A dire vrai, il y a quelque chose de déprimant dans cette tambouille. Jugez-en donc :
- une démocratie qui fonctionnait tant bien que mal, brutalement stoppée ;
- une classe politique divisée entre les “cocos stratégiques” (2) qui espèrent profiter de la courte échelle que leur offrent les putschistes, pour se propulser au-devant de la scène ; et les irréductibles défenseurs de l’ordre constitutionnel dont certains sont d’autant plus dépités qu’il espéraient succéder à ATT ;
- des scènes de pillage, des actes de vandalisme et des ruptures dans l’approvisionnement de certains produits de première nécessité ;
- une rébellion touareg qui profite de cette instabilité pour gagner du terrain, menaçant de prendre Kidal et même Gao.
Quand
on contemple ce triste tableau et la chienlit qui est en train de
s’installer petit à petit, on se demande bien si le remède de Kati (d’où
sont partis les putschistes) ne sera pas pire que le mal qu’ils
prétendent soigner. Oui, ATT avait ce côté molasson qui pouvait agacer ;
Oui, la démocratie malienne, à force d’être consensuelle, avait fini,
aux yeux de certains, par devenir incolore, inodore et sans saveur ;
Oui, il était tellement pressé de transmettre la charge, et avec elle la
patate chaude à son successeur élu, que le locataire du palais de
Koulouba n’avait plus, semble-t-il, le cœur à l’ouvrage. Oui, mais tout
cela ne saurait constituer une excuse absolutoire pour des militaires
qui ont fait faire à leur chère patrie un bond de géant en arrière...
Reste
à savoir comment leur faire rendre le plus rapidement possible ce
pouvoir qu’il ont désormais en travers de la gorge. De plus en plus
isolée, la junte de Bamako a déjà essuyé la condamnation sévère de la
Communauté internationale et de ses voisins. Et les premières sanctions
ne se sont pas fait attendre à travers des bailleurs de fonds tels que
l’Union européenne, les Etats-Unis, l’Union africaine et la CEDEAO.
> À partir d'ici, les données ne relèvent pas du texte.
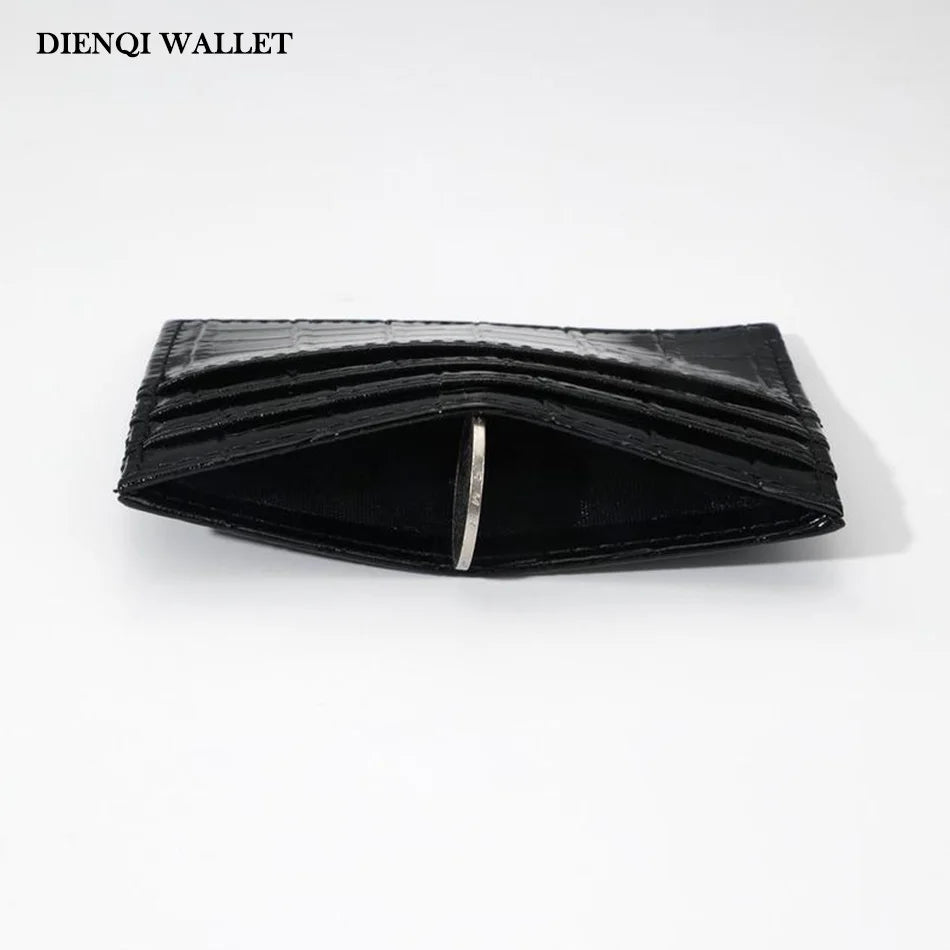 Black crocodile pattern slim card holder wallet shown from the side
Un retour de bâton qu’accompagnera certainement le Sommet
extraordinaire des chefs d’Etat et de gouvernement de la CEDEAO convoqué
de toute urgence et qui doit s’ouvrir demain à Abidjan. Espérons qu’à
cette occasion, l’Organisation panafricaine aura la main suffisamment
leste pour leur faire passer l’envie de garder le pouvoir beaucoup plus
longtemps.
(1) Le capitaine Moussa Dadis Camara, chef de la junte militaire en Guinée de décembre 2008 à janvier 2010.
(2) Expression en Noutchi (argot de Côte d’Ivoire) qui désigne un opportuniste.